Case study · Incident retro

Cache Stampede During Deploy — 14 minutes to all-clear

A routine deploy bumped a cache key prefix. Every request became a miss, the backend pool saturated, p99 latency ran from 80ms to 2,400ms. We had 15 minutes of error budget left for the quarter. Here's the play-by-play.

SEV-2 Role · SRE on-call Stack · k8s · Redis · Go · Prometheus Duration · 14 min

The metric — p99 latency vs cache hit rate

Press Replay to scrub the 14 minutes. Two signals: p99 latency (rose) overlaid with cache hit rate (cyan). The story is in the gap between them.
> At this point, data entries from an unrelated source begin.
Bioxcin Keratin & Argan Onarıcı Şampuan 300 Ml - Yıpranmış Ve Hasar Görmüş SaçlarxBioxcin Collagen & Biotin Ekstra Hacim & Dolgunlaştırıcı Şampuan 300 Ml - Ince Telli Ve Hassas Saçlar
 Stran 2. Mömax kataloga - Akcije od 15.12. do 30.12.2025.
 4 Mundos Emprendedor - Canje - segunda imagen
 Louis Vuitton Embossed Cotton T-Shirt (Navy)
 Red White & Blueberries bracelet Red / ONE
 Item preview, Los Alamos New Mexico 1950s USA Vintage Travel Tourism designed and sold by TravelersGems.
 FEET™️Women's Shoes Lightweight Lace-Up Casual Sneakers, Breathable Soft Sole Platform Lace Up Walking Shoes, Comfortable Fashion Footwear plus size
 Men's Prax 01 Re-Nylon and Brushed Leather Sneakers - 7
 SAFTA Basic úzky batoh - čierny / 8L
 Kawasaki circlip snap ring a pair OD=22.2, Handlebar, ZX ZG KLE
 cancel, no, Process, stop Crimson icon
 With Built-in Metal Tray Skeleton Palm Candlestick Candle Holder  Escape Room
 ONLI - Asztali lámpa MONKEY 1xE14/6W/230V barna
incident-2024-cache-stampede.replay

p99 latency (ms) cache hit rate (%) T+00:00

Timeline

T+00:00
Deploy goes live
Service rev v2.4.1 ships. Cache key prefix was bumped as part of the schema change.
T+00:12
p99 jumps 80ms → 2,400ms
Every request becomes a cache miss. Backend pool starts saturating.
T+00:45
Cache hit rate 94% → 12%
Coalescing isn't in place — N concurrent misses → N upstream calls per key.
T+02:00
PagerDuty: HighErrorBudgetBurn
Burn rate alert fires. I'm on the bridge with the deploy lead inside 90s.
T+03:30
Root cause confirmed
Key prefix bump in the deploy config invalidated the entire cache namespace.
T+05:00
Mitigation rolled
Pushed singleflight coalescing + a synchronous warm-up step on the canary pod.
T+07:00
Hit rate climbing through 60%
Coalescing is doing its job — one backend hit per key per concurrent burst.
T+11:00
p99 back under 200ms
Below SLO. Auth, search and feed dashboards all green.
T+14:00
All-clear, runbook updated
Cache-prefix changes added to the migrations checklist; coalescing standardized in service template.

What I did

Shipped singleflight request coalescing in the cache client — one upstream call per key per concurrent burst, not N.
Added a synchronous cache warm-up gate to the deploy pipeline whenever a key prefix changes; canary pods don't take traffic until hit rate ≥ 70%.
Lowered the error-budget burn alert from 5m to 2m — earlier paging on this exact failure class.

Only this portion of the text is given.